▶ _Task prompt_: Only the lines from the one bearing "李寧（LI-NING）【加絨" through the end of the listing belong in your response, restated word for word and without pictures.

▶ _Dataset extract_:
= = = =
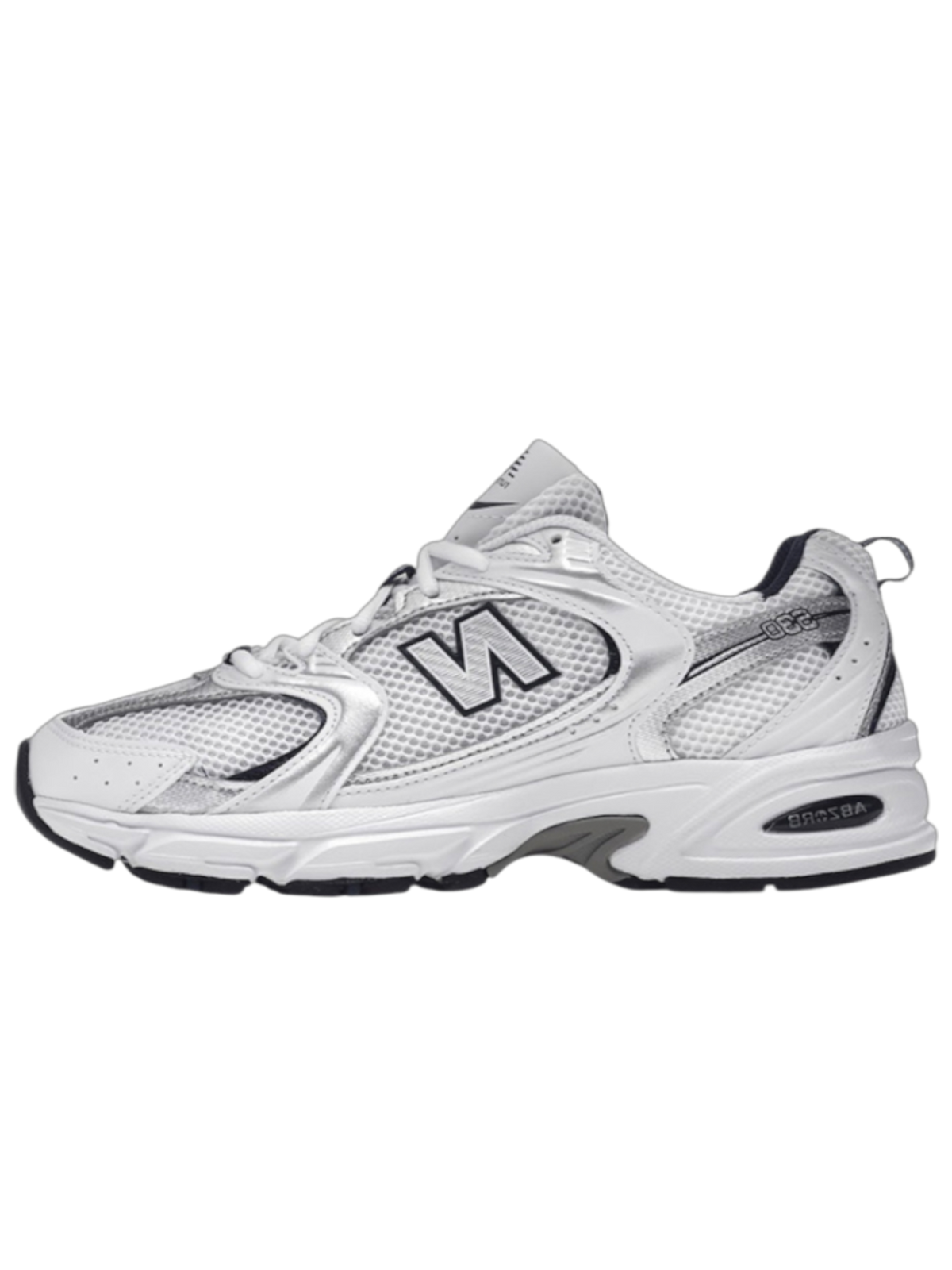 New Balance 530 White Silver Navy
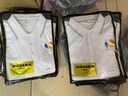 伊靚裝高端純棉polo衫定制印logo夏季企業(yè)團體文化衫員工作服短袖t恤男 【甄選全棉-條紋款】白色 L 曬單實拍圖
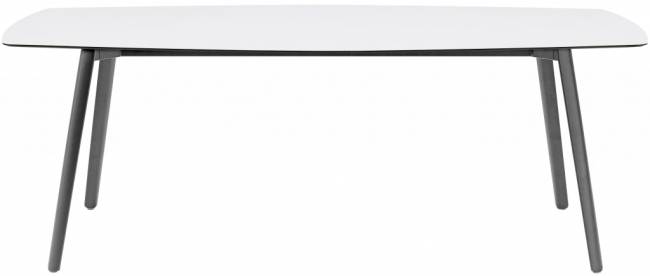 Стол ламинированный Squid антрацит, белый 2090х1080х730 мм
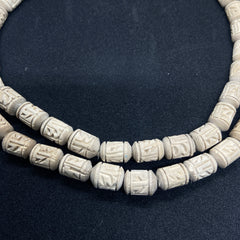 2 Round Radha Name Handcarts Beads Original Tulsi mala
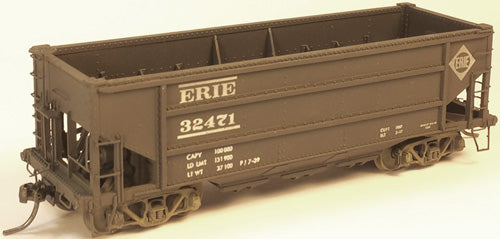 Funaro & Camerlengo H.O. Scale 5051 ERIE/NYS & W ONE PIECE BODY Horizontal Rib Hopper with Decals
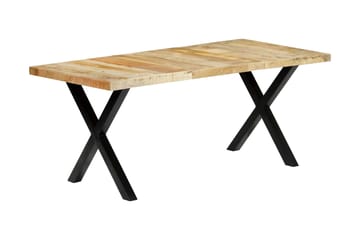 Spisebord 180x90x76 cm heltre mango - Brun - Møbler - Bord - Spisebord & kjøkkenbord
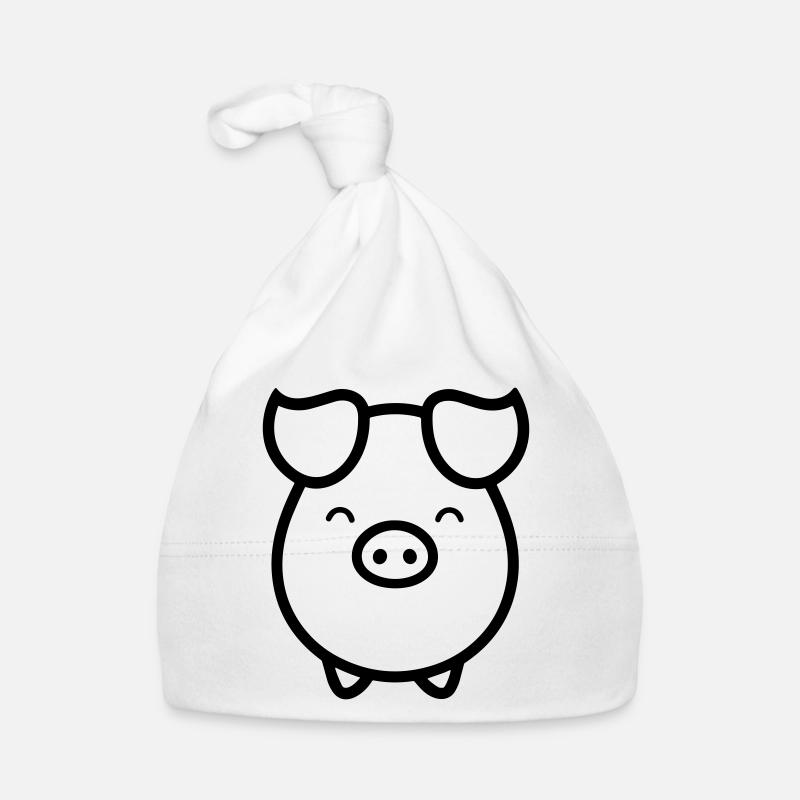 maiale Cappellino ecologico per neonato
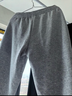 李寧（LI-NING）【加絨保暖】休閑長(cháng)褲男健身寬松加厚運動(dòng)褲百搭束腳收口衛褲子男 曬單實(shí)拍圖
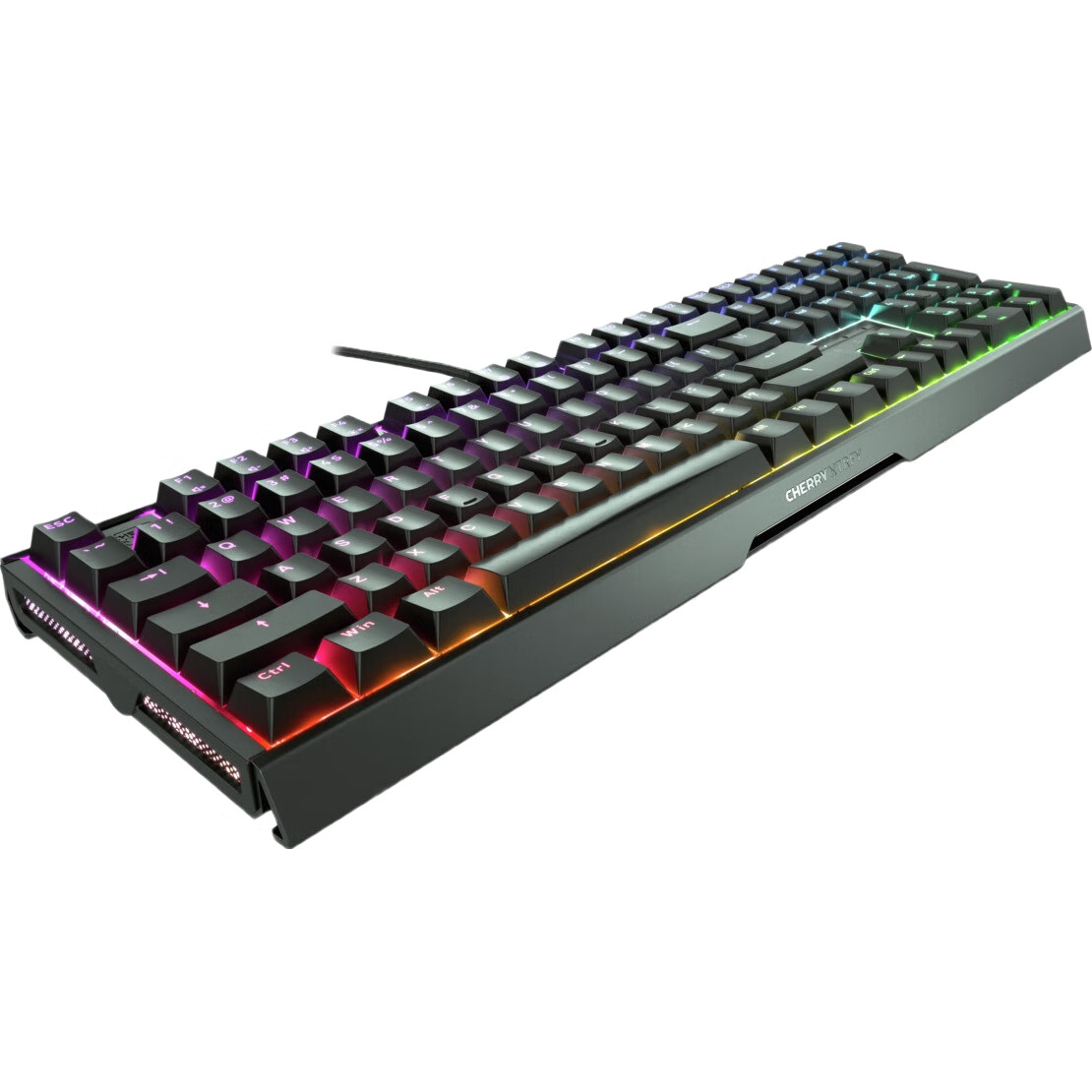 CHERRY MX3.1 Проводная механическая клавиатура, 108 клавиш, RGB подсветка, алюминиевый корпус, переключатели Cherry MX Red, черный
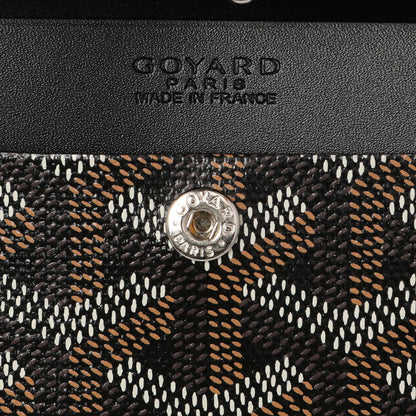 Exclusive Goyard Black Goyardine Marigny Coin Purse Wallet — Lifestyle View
= = = =
▶ _Answer to this exercise_:
 李寧（LI-NING）【加絨保暖】休閑長(cháng)褲男健身寬松加厚運動(dòng)褲百搭束腳收口衛褲子男 曬單實(shí)拍圖
 CHERRY MX3.1 Проводная механическая клавиатура, 108 клавиш, RGB подсветка, алюминиевый корпус, переключатели Cherry MX Red, черный
 Exclusive Goyard Black Goyardine Marigny Coin Purse Wallet — Lifestyle View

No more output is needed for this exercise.